Object Detection utilites

Kano aims to support visualization and extract bounding boxes without the need to handle various box formats, such as xyxy, xywh, or scaled xywh:

xywh2xyxy: convert box with xywh format (x_center, y_center, width, height - which is model input/output format) to xyxy format(x_min, y_min, x_max, y_max - which used to draw boxes).
extract_bbox_area: get cropped box image from the image
draw_bbox: draw bounding box on the image.

`kano.detect_utils.xywh2xyxy(xywh)`

Converts bounding box coordinates from (x_center, y_center, width, height) format to (x_min, y_min, x_max, y_max) format.

Parameters:

Name	Type	Description	Default
`xywh`	`np.array) with shape (4,`	A tuple containing (x_center, y_center, width, height) of the bounding box.	required

Returns:

Name	Type	Description
`xyxy`	`tuple(int)`	xyxy location of the bounding box.
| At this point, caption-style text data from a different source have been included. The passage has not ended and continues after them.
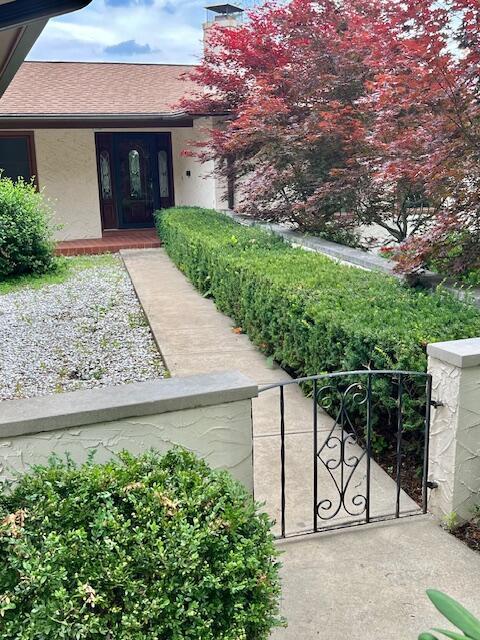 171 Ginder Rd NE, Lancaster, OH 43130 - view of exterior entry with stucco siding, a gate, a porch, and a chimney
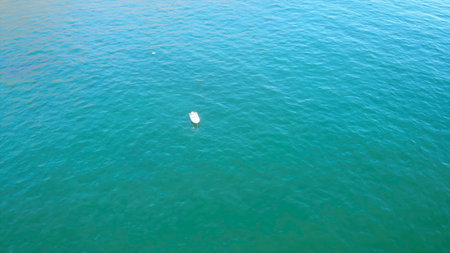 peaceful lone marker on vast water, serene aerial perspective of solitary device on open sea. Mediaの写真素材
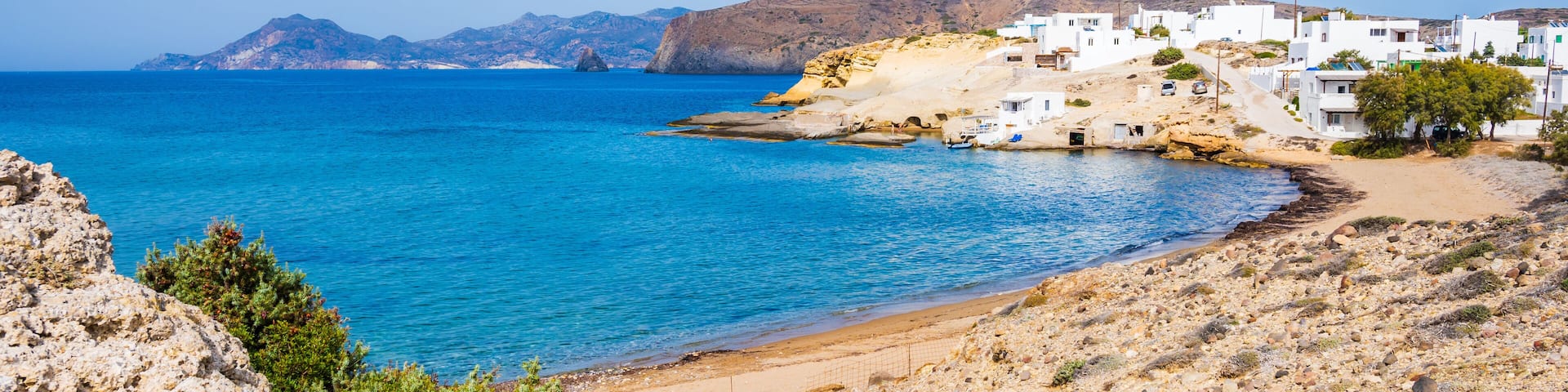 View of beautiful sandy Pachena beach with azure sea water, Milos island, Cyclades, Greece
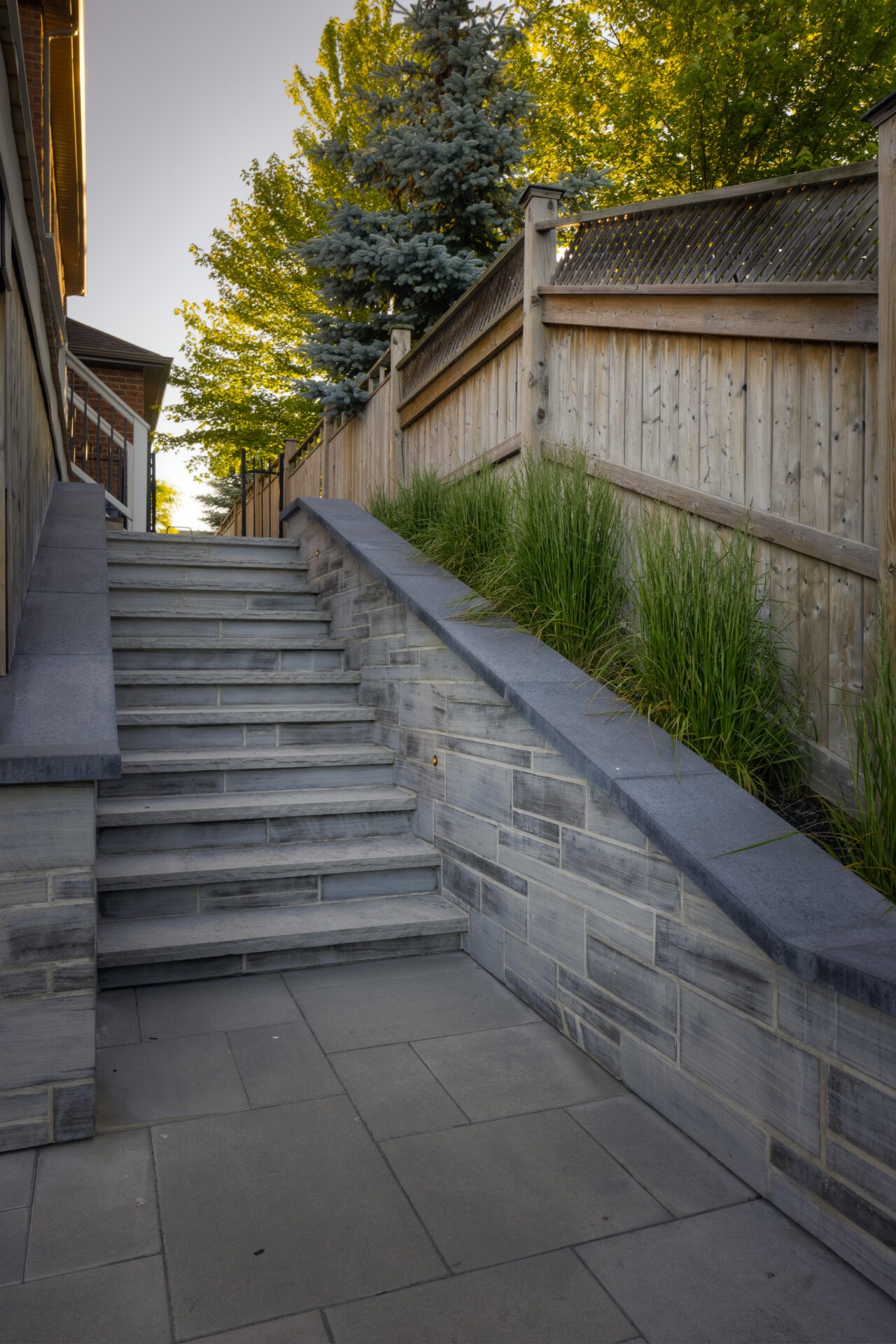 This image shows a set of outdoor steps made of gray stone tiles, framed by a wooden fence and accented with green ornamental grasses.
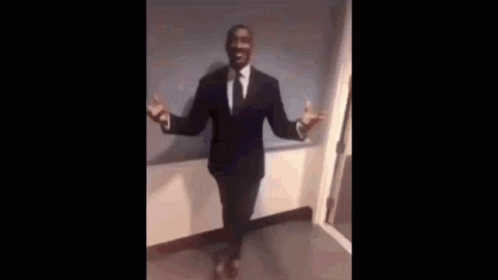 Man in Suit and Tie With Crossed Legs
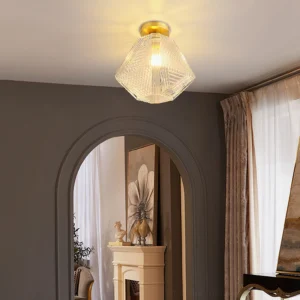 Brass Art Deco ceiling pendant installed in modern luxury home entryway with arched doorway
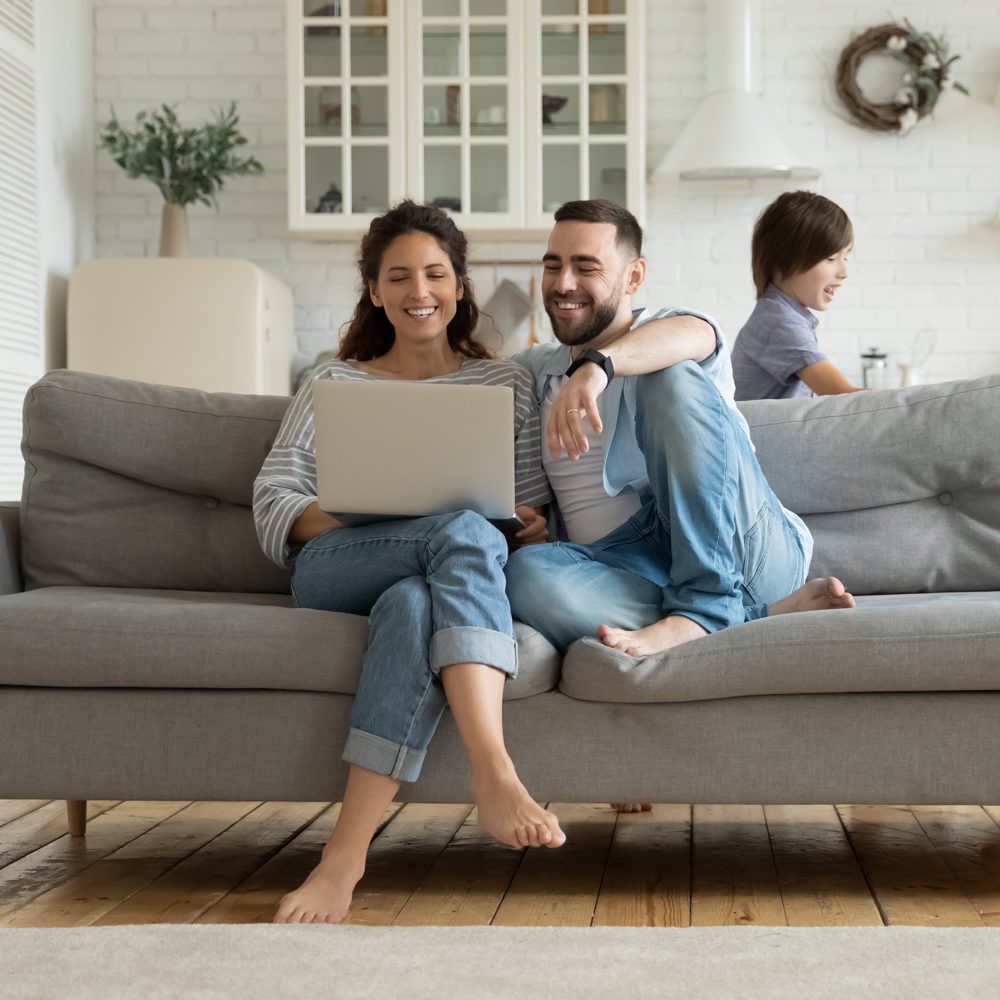 Two people looking at laptop on sofa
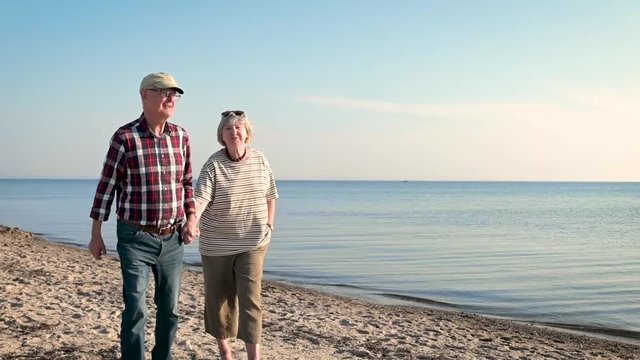 fr&ouml;hliches, gl&uuml;ckliches, verliebtes Rentner Ehepaar, Senioren gehen am Strand spazieren. Alte Frau, alter Mann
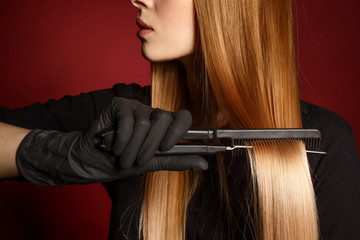 Hair care. Close-up. Hand of a girl with a comb.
Source code in kano\detect_utils.py

def xywh2xyxy(xywh):
    """
    Converts bounding box coordinates from (x_center, y_center, width, height) format to (x_min, y_min, x_max, y_max) format.

    Args:
        xywh (np.array) with shape (4,): A tuple containing (x_center, y_center, width, height) of the bounding box.

    Returns:
        xyxy (tuple(int)): xyxy location of the bounding box.
    """

    x_center, y_center, bbox_width, bbox_height = xywh
    x_min = int(x_center - bbox_width / 2)
    y_min = int(y_center - bbox_height / 2)
    x_max = int(x_center + bbox_width / 2)
    y_max = int(y_center + bbox_height / 2)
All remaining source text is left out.